The Flying Eagle, with the excursion barge Little Gate, on the Upper Mississippi River. (Keith Norrington collection)
Old Boat Column

The Flying Eagle

Originally named Irene D, this former rafter was built in 1888 at Rock Island, Ill. It was constructed on a wooden hull that measured 133.5 feet in length by 29.6 feet in width, and with a depth of 4.8 feet; tonnage was listed as 142. In 1898, the boat was rebuilt as the Flying Eagle by Capt. Thomas Adams of Quincy, Ill., who had purchased it for use as an excursion boat.

Records of the Steamboat Inspection Service indicate that the sternwheeler had a good safety record, with the only accident reported being that of a deckhand, Manuel Davis, getting scalded by steam escaping from the safety valve on April 2, 1901.

On June 3, 1903, at 10:30 in the morning, the Flying Eagle departed the landing at Hannibal, Mo., with the excursion barge Little Gate, loaded with members of the Park Methodist Church, in tow. The boats proceeded upstream through the draw span of the Wabash Railway Bridge. Due to the high stage of water and a strong cross current, the paddlewheel and stern of the Flying Eagle struck the protection works of the upper end of the draw span. The two vessels topped around against the bridge pier. The engines of the steamboat were immediately reversed in an attempt to straighten up, but the Flying Eagle unfortunately backed sharply against the rocky river bank. The sternwheel was quickly reduced to splinters and the boat was rendered helpless. The situation went from bad to worse as the riverboat broke loose from the barge and sank in 40 feet of water below the bridge. The excursion barge then struck the bridge and turned on its side. All but 60 people escaped onto the upper works of the bridge. A majority of those who could not seek refuge on the bridge were pulled from the river by the Hannibal ferry boat and by skiffs from locals who joined the rescue mission. Three passengers and one crew member lost their lives.

At the time of the accident, Capt. Thomas Adams (owner of the boat) was in command. Capt. Frank Slater was on watch in the pilothouse, with Edward

Meals presiding in the engineroom; A. Roberts was the steward.

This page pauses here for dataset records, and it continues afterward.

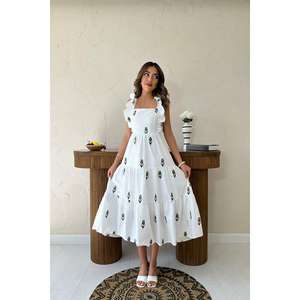 Vestido Verde sin Mangas al por Mayor con Volantes Translúcidos, Elegante, con Cintura Imperio, sin Tirantes, Diseño Liso - Ideal para Verano y Playa, Tallas XS-XL-6XL - Product Image 5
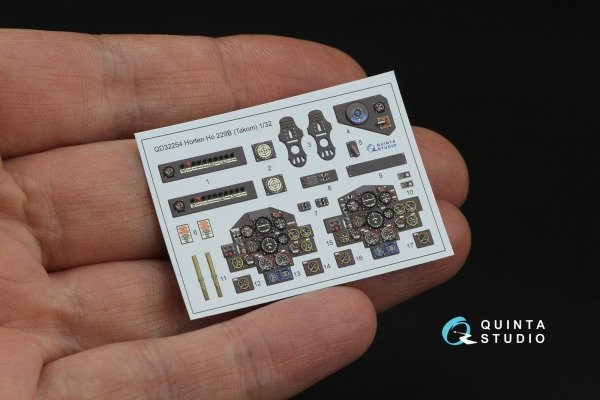 Quinta Studio QD32254 Horten Ho 229B 3D-Printed &amp; coloured Interior on decal paper (Takom) 1/32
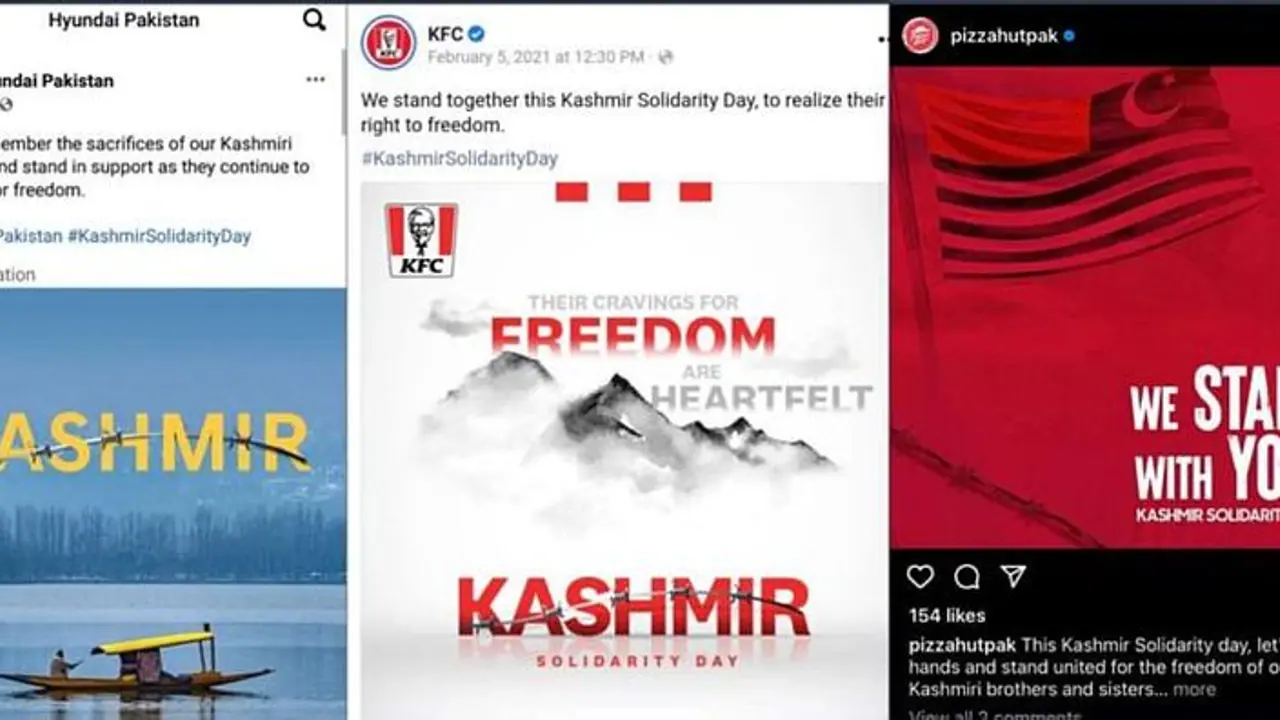 Image: Politically incorrect social media ad campaigns by Pakistan based outlets of KFC and Pizza Hut and a Hyundai Motors dealership.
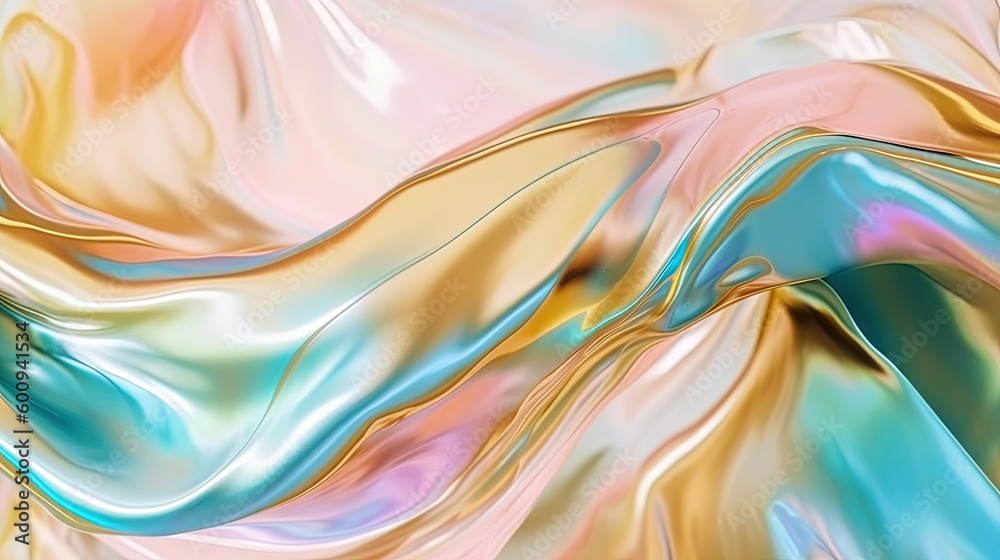 Fototapeta premium Abstract iridiscent background with holographic plastic texture, pastel colors. Generative AI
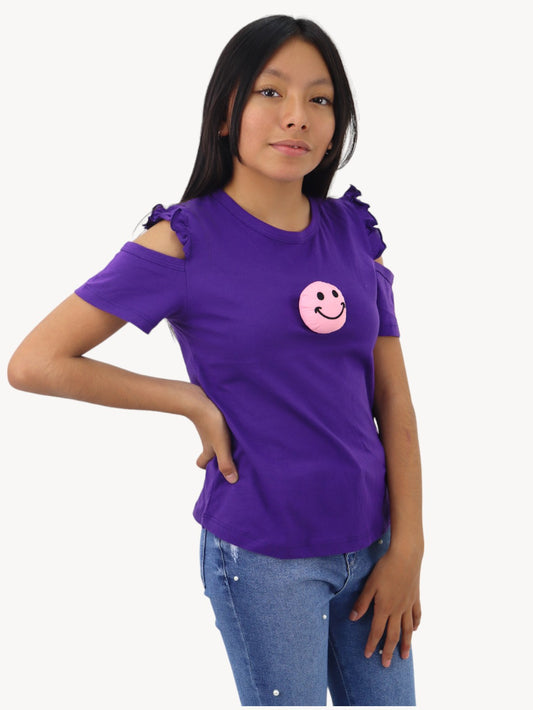 Playera smiley de hombro caído de color morado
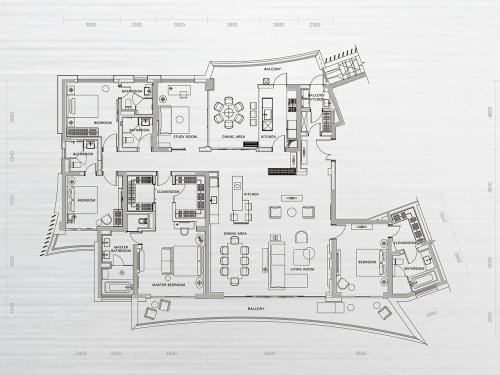 麓湖生态城A户型，麓湖生态城5室3厅5卫1厨约350.00平米户型图，朝南朝向 - 成都安居客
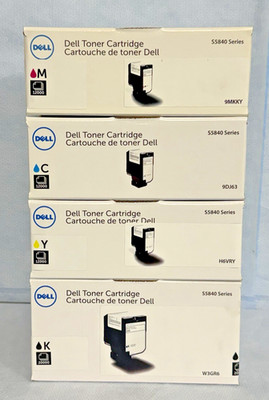 DELL GENUINE S5840 Series Colored Toner CartridgeS 4 X ( M / C/ Y / K ) NEW SEAL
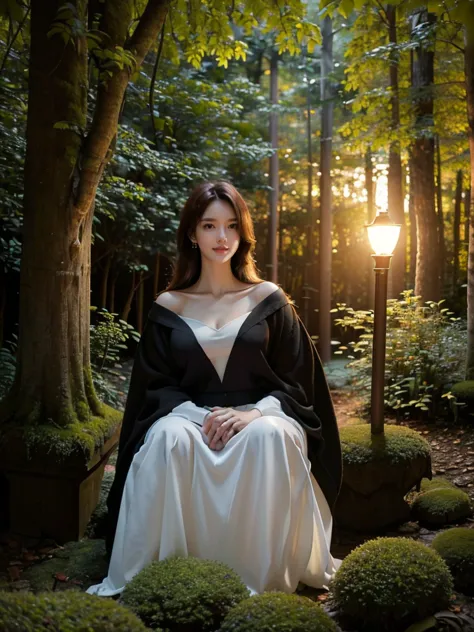 ((upper body)),a serene night scene in a dense forest, with a beautiful witch standing in the middle. the witch wears a simple, ...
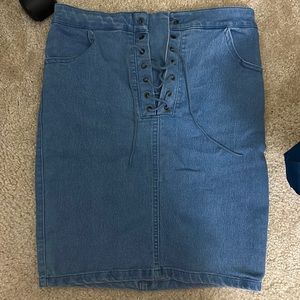 Stretchy, jean tied skirt
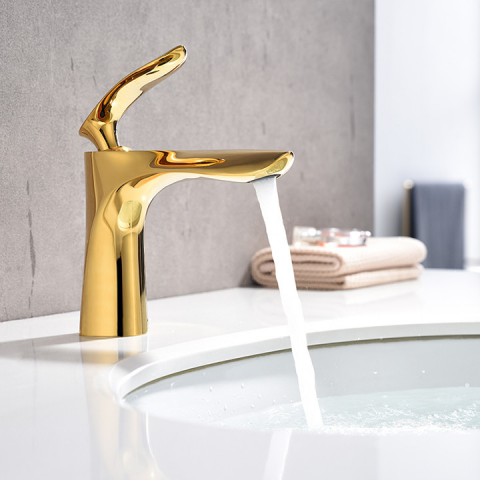 Vòi lavabo nóng lạnh tay lá AHL 2 tấc mạ vàng Vòi lavabo nóng lạnh tay lá AHL 2 tấc mạ vàng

Reportedly, the unlucky vessel was the second steamboat to carry the name Flying Eagle. A previous boat was originally the sternwheeler Savanna, built in 1863 at Brownsville, Pa. Constructed on a wooden hull measuring 156 feet by 35 feet, the vessel operated between Pittsburgh and St. Louis, in command of Capt. Isaac Mason. This riverboat was heavily damaged in an ice gorge at St. Louis on December 12, 1876. During the spring of 1881, the sternwheeler was rebuilt and renamed Flying Eagle, operating in the St. Louis-St. Paul trade, under the command of Capt. Thomas Boland. The steamboat sank at St. Louis in 1888.

Fifty Years Ago: Curator Ruth Ferris stands at the counter of the Eagle Boat Store in the Midship Museum aboard the steamer Becky Thatcher in 1969. (Keith Norrington collection)
Fifty Years Ago: Curator Ruth Ferris stands at the counter of the Eagle Boat Store in the Midship Museum aboard the steamer Becky Thatcher in 1969. (Keith Norrington collection)

River Trivia

It was 50 years ago this spring, on the weekend of April 12–13, 1969, that the Midship Museum first opened to the public aboard the Becky Thatcher (formerly the steamer Mississippi) at the St. Louis levee. Designed and curated by beloved river historian Ruth Ferris (1897-1993), the museum contained dazzling displays of artifacts from the Eagle Packet Company, Goldenrod Showboat, Eagle Boat Store, Streckfus Steamers and other riverboat memorabilia.